▶ SOURCE DATA
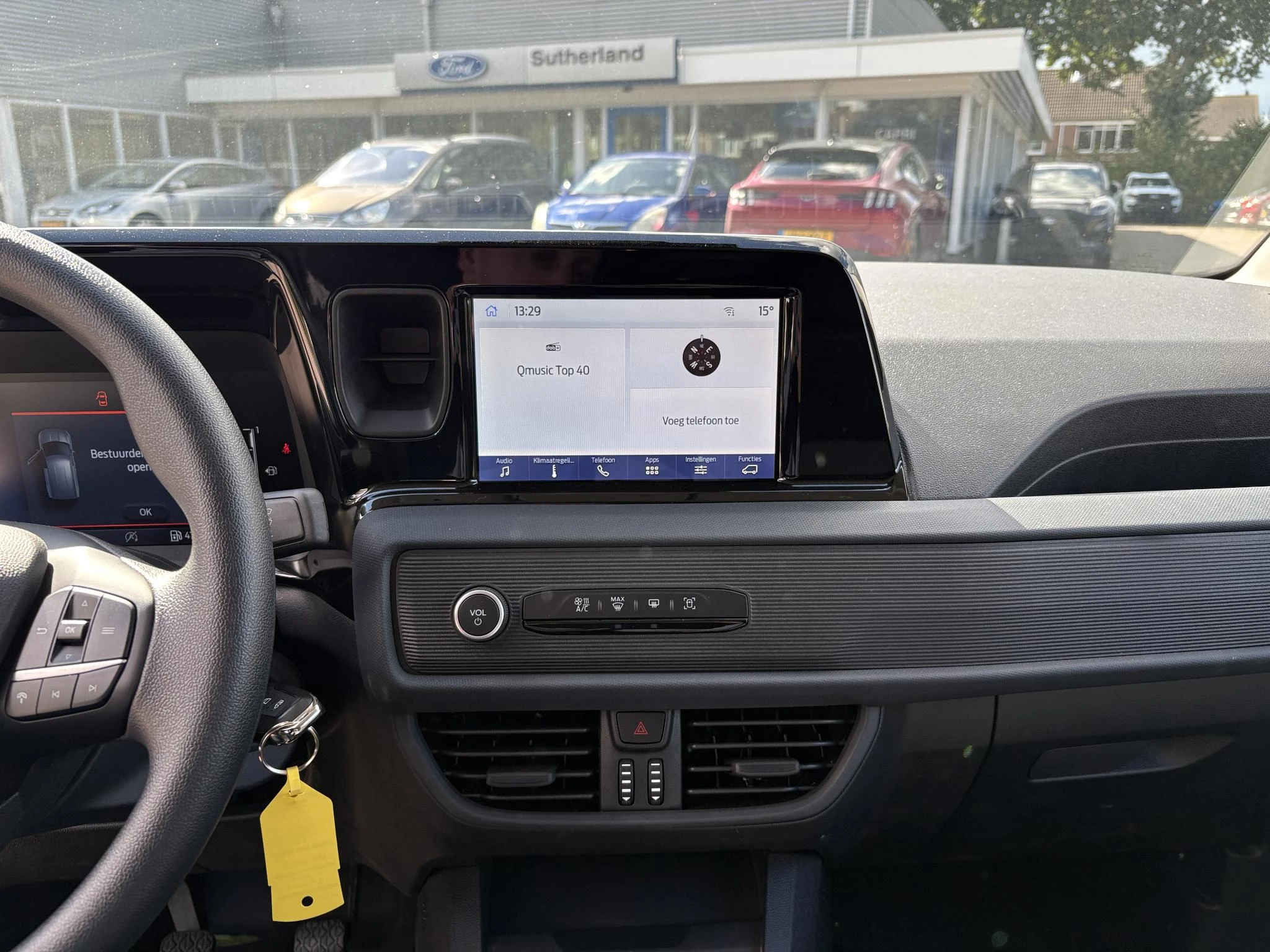 Hoofdafbeelding Ford Transit Courier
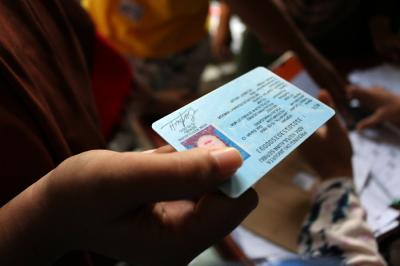 Warga Pulau Panggang mengambil beras bantuan sosial yang disalurkan oleh pekerja pos dan giro di Kepulauan Seribu Provinsi DKI Jakarta, Senin (2/8/2021).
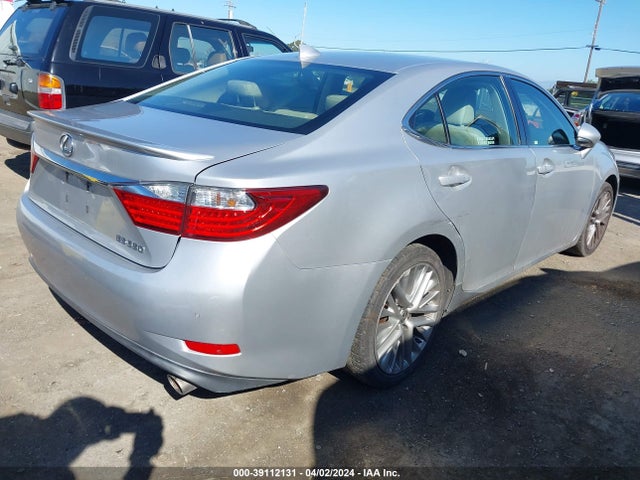 Lexus ES 350 2015 JTHBK1GG7F2179063 Image 4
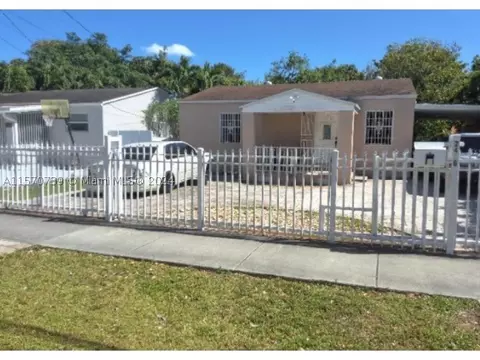 2436 NW 32nd St, Miami, FL 33142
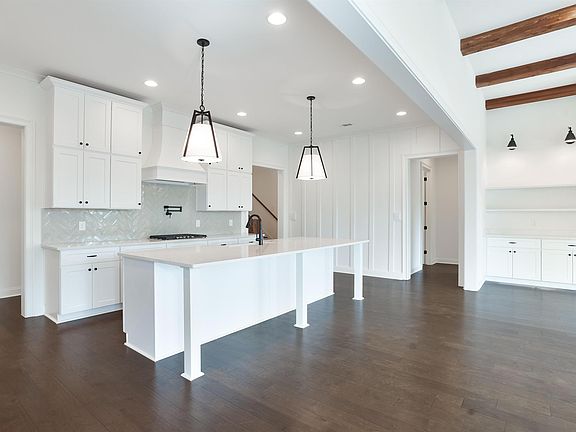 3rd image of 5161 Club Ridge Dr E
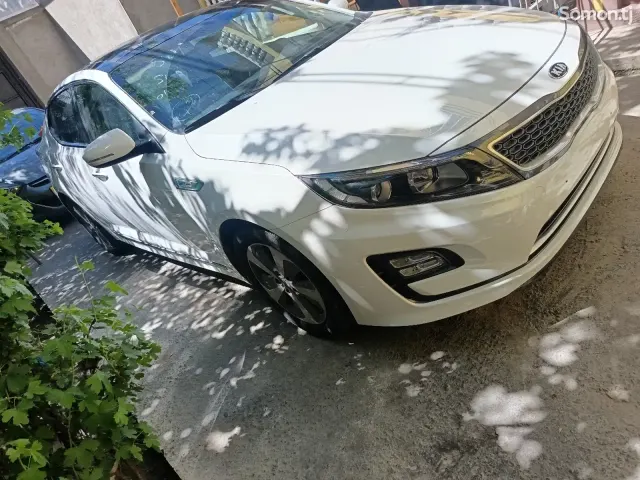 Kia K5 2014 · 2.0 AT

▶ EXERCISE GOAL
Leave every picture out and return exactly the lines from the one holding "2436 NW 32nd St, Miami, FL 33142" through the end of the records above, both ends included, and nothing more.

▶ TASK RESULT
 2436 NW 32nd St, Miami, FL 33142
 3rd image of 5161 Club Ridge Dr E
 Kia K5 2014 · 2.0 AT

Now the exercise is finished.